Task description
As written and without pictures, set down the lines from the one that contains "Beautiful Indowestren dress" through the end of the data.

[Brief descriptive captions]
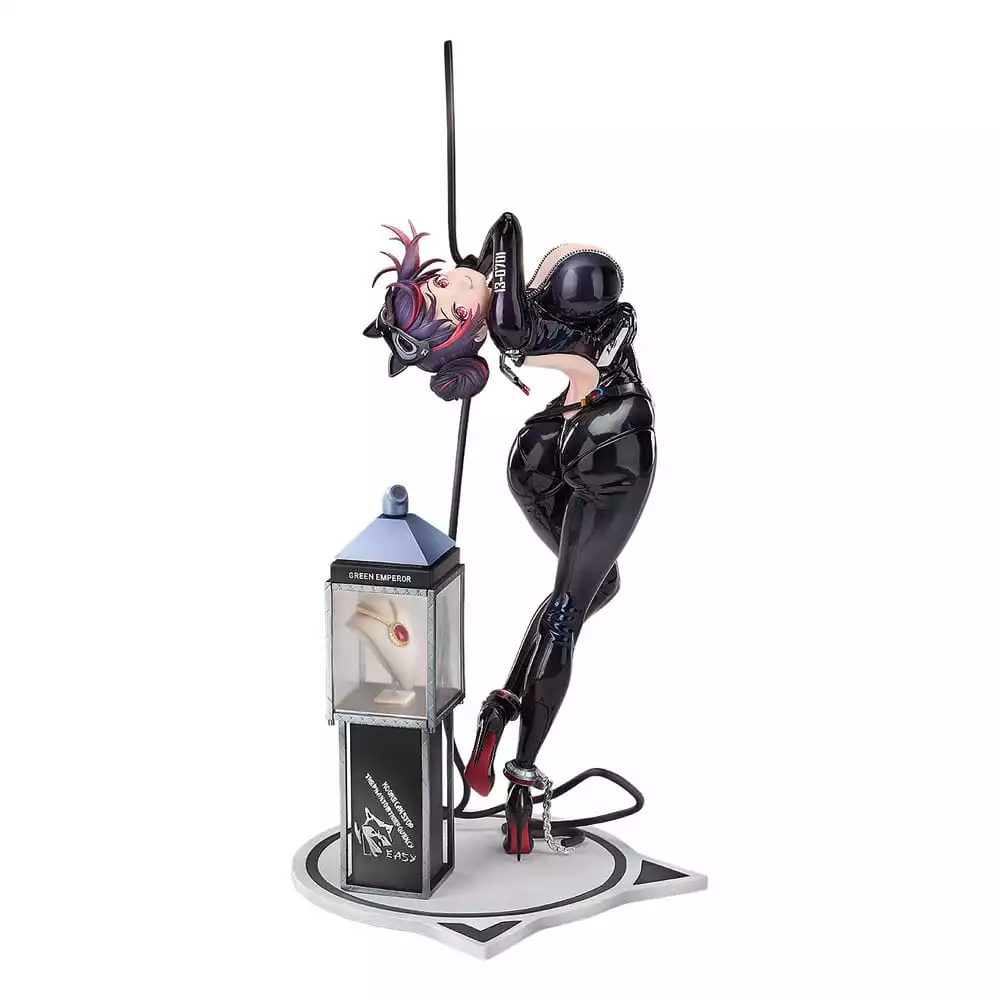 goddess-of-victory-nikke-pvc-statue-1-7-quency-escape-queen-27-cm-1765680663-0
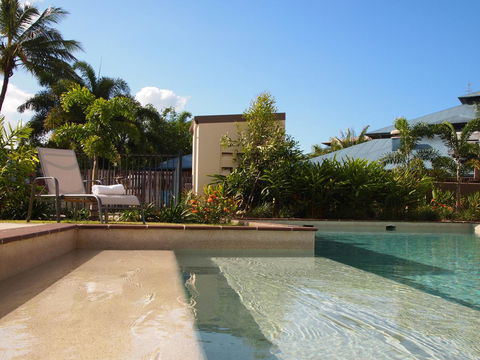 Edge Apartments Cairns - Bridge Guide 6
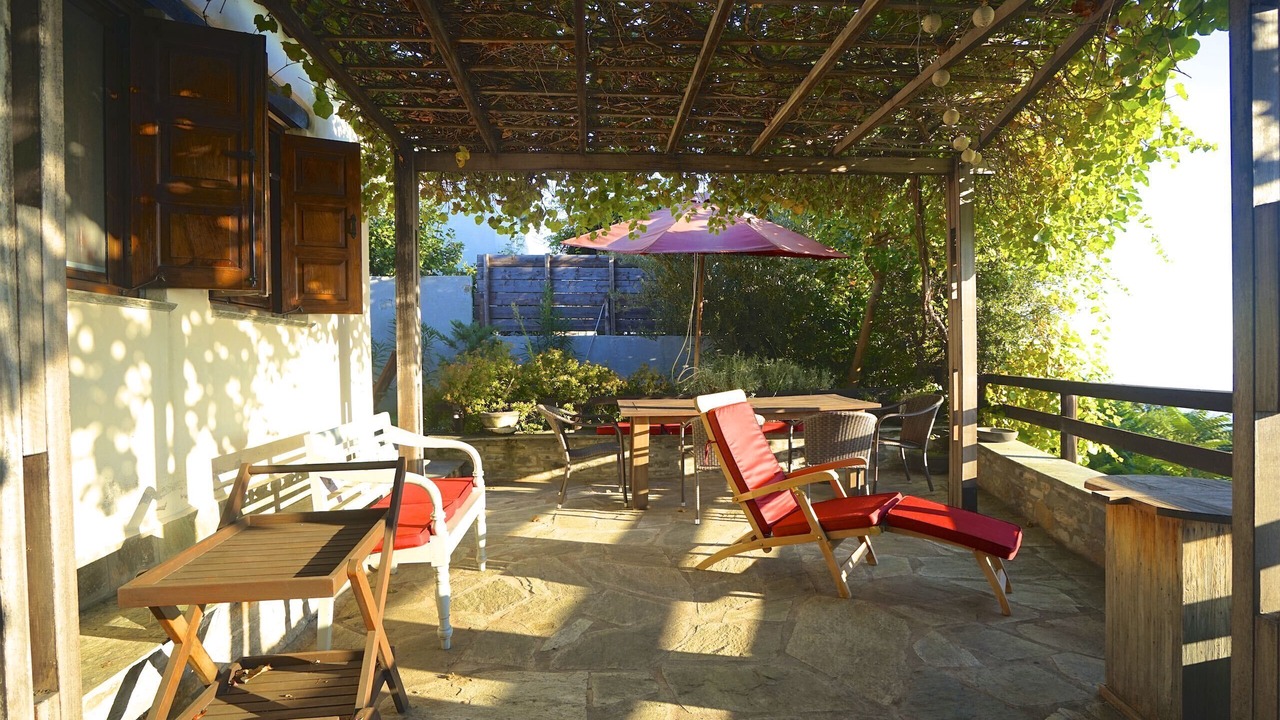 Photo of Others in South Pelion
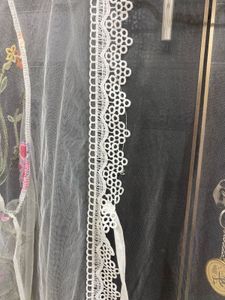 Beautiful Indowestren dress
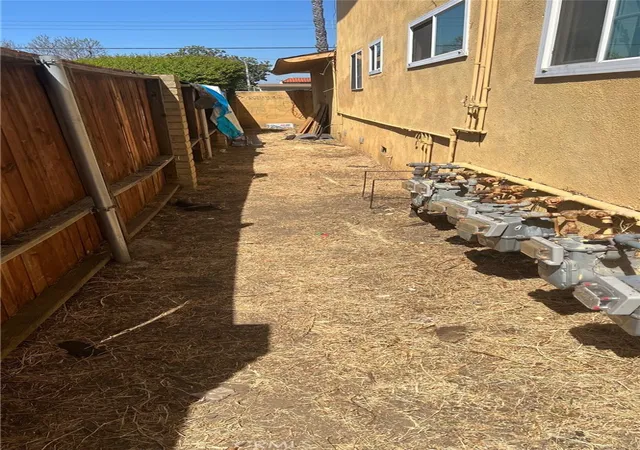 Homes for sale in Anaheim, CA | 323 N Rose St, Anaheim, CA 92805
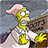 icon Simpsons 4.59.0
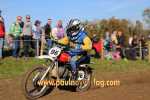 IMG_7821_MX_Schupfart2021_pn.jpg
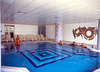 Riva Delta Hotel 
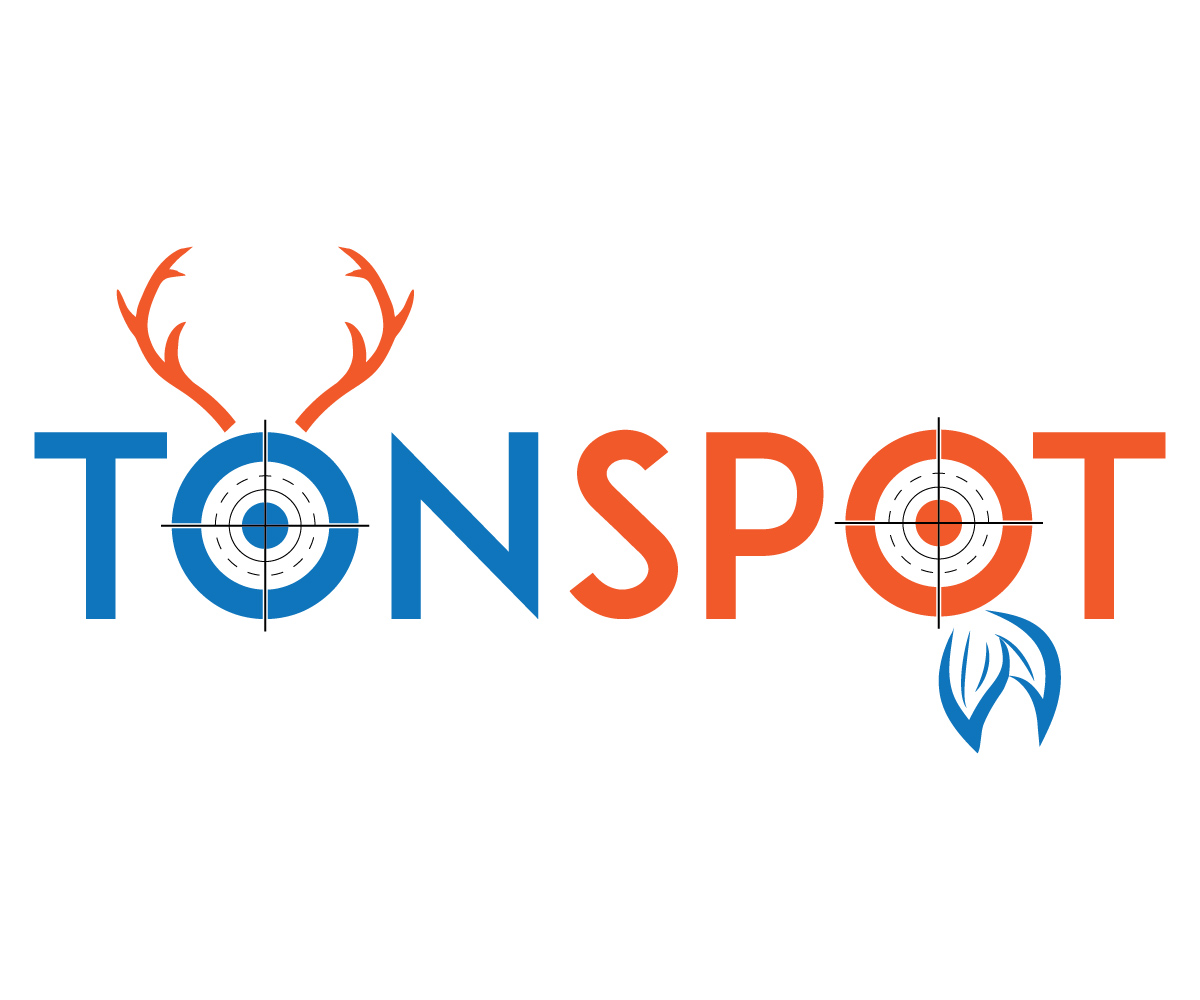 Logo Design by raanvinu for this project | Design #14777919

Task response
 Beautiful Indowestren dress
 Homes for sale in Anaheim, CA | 323 N Rose St, Anaheim, CA 92805
 icon Simpsons 4.59.0
 IMG_7821_MX_Schupfart2021_pn.jpg
 Riva Delta Hotel 
 Logo Design by raanvinu for this project | Design #14777919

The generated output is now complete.